AUTHOR
Not stated but traditionally attributed to Moses.
DATE
Moses lived around the 1400s BC, but the events of Genesis date to the very beginning of time.
IN TEN WORDS OR LESS
God creates the world and chooses a special people.
DETAILS, PLEASE
The Bible's first book never explains God; it simply assumes His existence: "In the beginning, God..." (1:1). Chapters 1 & 2 describe how God created the universe and everything in it simply by speaking: "God said...and it was so" (1:6-7, 9, 11, 14-15).
Humans, however, received special handling, as "God formed man of the dust of the ground, and breathed into his nostrils the breath of life" (2:7), and woman was crafted from a rib of man.
Those first two people, Adam and Eve, live in perfection but ruined paradise by disobeying God at the urging of a "subtil" (crafty, 3:1) serpent. Sin throws humans into a moral freefall as the world's first child--Cain--murders his brother Abel.

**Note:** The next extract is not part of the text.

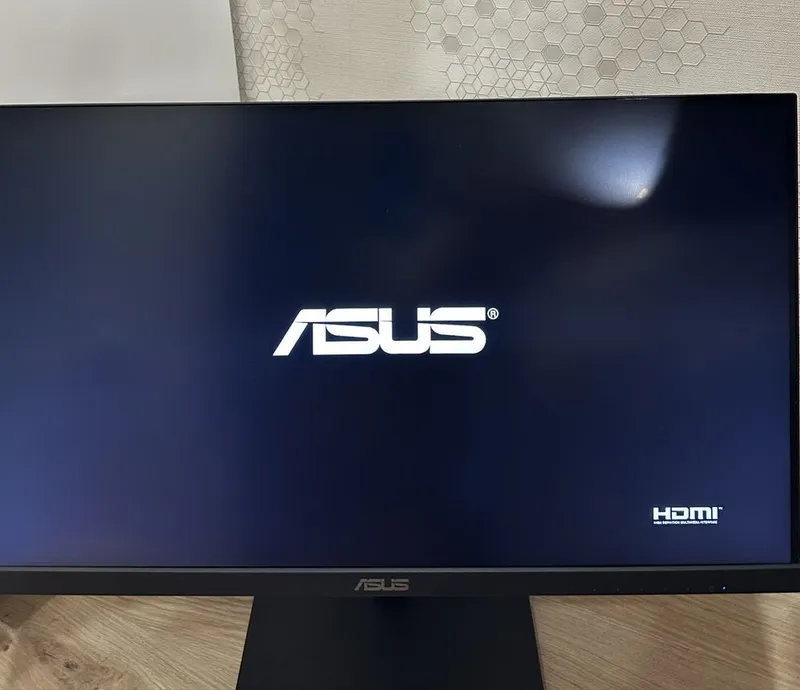Продаю монитор ASUS VA27D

People become so bad that God decides to flood the entire planet, saving only the righteous Noah, his family, and an ark (boat) full of animals. After the earth repopulates, God chooses a man named Abram as patriarch of a specially blessed people, later called "Israel" after an alternative name of Abram's grandson Jacob.

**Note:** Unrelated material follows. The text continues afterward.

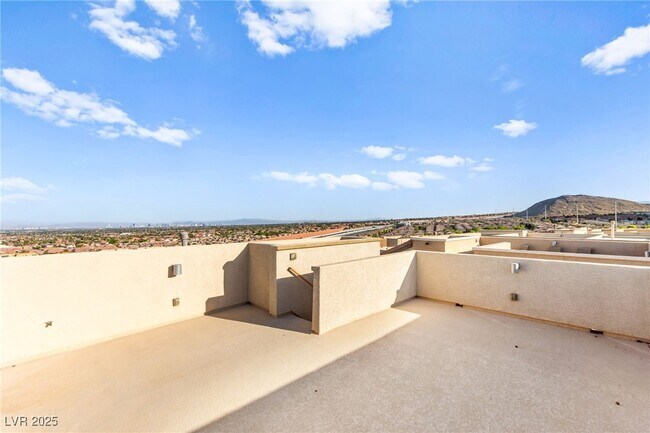 Building Photo - 10525 Shiny Skies Dr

Genesis ends with Jacob's son Joseph, by a miraculous chain of events, ruling in Egypt--setting up the events of the following book of Exodus.
QUOTABLE
God said, Let there be light: and there was light. (1:3)
The LORD said unto Cain, Where is Abel thy brother? And he said, I know not: Am I my brother's keeper? (4:9)

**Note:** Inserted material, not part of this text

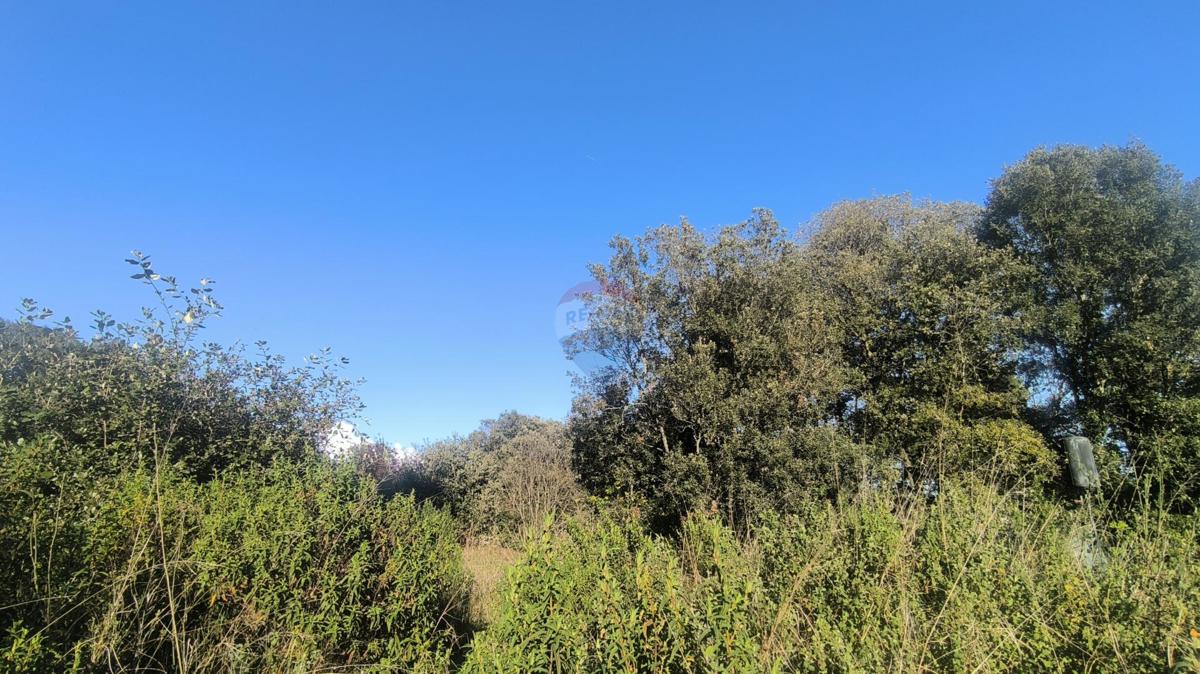 Stavbno zemljišče Pješčana Uvala, Medulin, 2.438m2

Noah found grace in the eyes of the LORD. (6:8)
He [Abram] believed in the LORD; and he counted it to him for righteousness. (15:6)
UNIQUE AND UNUSUAL
Genesis quickly introduces the concept of one God in multiple persons, a concept later called the Trinity: "God said, Let us make man in our image, after our likeness" (1:26, emphasis added). Also early on, God gives a hint of Jesus' future suffering and victory when He curses the serpent for deceiving Eve: "I will put enmity between thee and the woman, and between thy seed and her seed; it shall bruise thy head, and thou shalt bruise his heel" (3:15)
SO WHAT?
Genesis answers the great question "Where did I come from?" Knowing the answer can give us meaning in a world that's otherwise hard to figure out.